So as Obama is placing his hand on the Bible of the president who proclaimed emancipation, Larry is twitching his arm in a simulated swing, the Wii crowd in the Wii stadium roaring. Larry peeks around between pitches to see Obama finish taking the oath, then goes back to the game.

Larry’s in his fifties, on SSI, with a deformed hand and two club feet - from a very premature birth. He hasn't the money or the coverage to buy the prosthetic shoes that would let him walk somewhat normally. Most of his family won’t have anything to do with him, from his years of using. When he talks I have a hard time understanding because of what seems a speech impediment. Kaki says it’s just dentures he hasn’t gotten used to yet. She also says she couldn't run the house without him. Honest as the day is long, and steady.

It strikes me - a crippled black man with so little going for him focusing on his healing instead of on the brilliant black man with so much going for him becoming the most powerful man in the world. I guess Larry knows what's best for himself, but I wonder - is he afraid to hope? Is he acclimated to the thin air of hopelessness? Am I?

Tahija bragged to me later that she didn't even turn her TV on (I sure hope the boys' school had one to turn on.) "He’s got to show me something first," she said. Not just afraid of hope but dead set against it. What made her that way?
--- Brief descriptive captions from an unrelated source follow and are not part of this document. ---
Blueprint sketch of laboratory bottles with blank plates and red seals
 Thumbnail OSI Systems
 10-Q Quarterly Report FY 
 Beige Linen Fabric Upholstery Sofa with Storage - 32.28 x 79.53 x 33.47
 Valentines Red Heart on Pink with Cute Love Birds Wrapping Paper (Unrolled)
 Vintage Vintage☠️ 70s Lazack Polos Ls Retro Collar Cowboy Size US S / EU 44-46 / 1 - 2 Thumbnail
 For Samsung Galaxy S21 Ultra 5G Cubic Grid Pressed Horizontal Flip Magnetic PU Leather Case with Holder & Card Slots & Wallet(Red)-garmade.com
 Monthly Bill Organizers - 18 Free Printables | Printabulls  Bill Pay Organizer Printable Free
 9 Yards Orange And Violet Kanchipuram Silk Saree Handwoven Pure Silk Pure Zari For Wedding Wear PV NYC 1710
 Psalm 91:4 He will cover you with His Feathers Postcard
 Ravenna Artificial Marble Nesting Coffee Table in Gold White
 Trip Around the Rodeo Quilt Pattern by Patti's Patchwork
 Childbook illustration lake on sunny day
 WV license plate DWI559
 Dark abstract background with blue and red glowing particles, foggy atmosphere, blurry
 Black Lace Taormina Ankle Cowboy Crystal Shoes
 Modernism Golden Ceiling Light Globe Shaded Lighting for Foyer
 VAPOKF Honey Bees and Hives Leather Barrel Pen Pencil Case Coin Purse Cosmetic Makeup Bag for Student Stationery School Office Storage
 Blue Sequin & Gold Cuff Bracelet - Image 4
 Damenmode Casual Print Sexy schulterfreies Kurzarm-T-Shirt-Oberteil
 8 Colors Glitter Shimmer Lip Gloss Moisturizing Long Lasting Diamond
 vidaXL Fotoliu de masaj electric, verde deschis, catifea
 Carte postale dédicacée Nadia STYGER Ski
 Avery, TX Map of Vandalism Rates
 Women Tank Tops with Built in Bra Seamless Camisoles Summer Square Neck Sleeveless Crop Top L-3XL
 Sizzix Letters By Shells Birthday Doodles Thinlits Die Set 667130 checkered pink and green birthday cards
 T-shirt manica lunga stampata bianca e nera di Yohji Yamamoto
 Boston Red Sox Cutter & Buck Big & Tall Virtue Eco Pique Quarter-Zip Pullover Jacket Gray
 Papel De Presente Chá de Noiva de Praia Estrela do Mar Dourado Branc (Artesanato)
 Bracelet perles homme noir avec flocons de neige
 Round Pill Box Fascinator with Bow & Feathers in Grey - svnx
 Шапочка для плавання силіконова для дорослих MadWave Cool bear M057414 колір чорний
All those times her dad didn't show up when he'd promised to? Does Obama look to her like just another crushing disappointment? Or -- more troubling -- like a chance to prove fully and finally that the world really is hopeless?

I guess that's her choice. Larry's choice is to focus on his healing--with a little break for history. Mine is to hold hope in safe keeping. In this box of words, these plain or jewelled cases.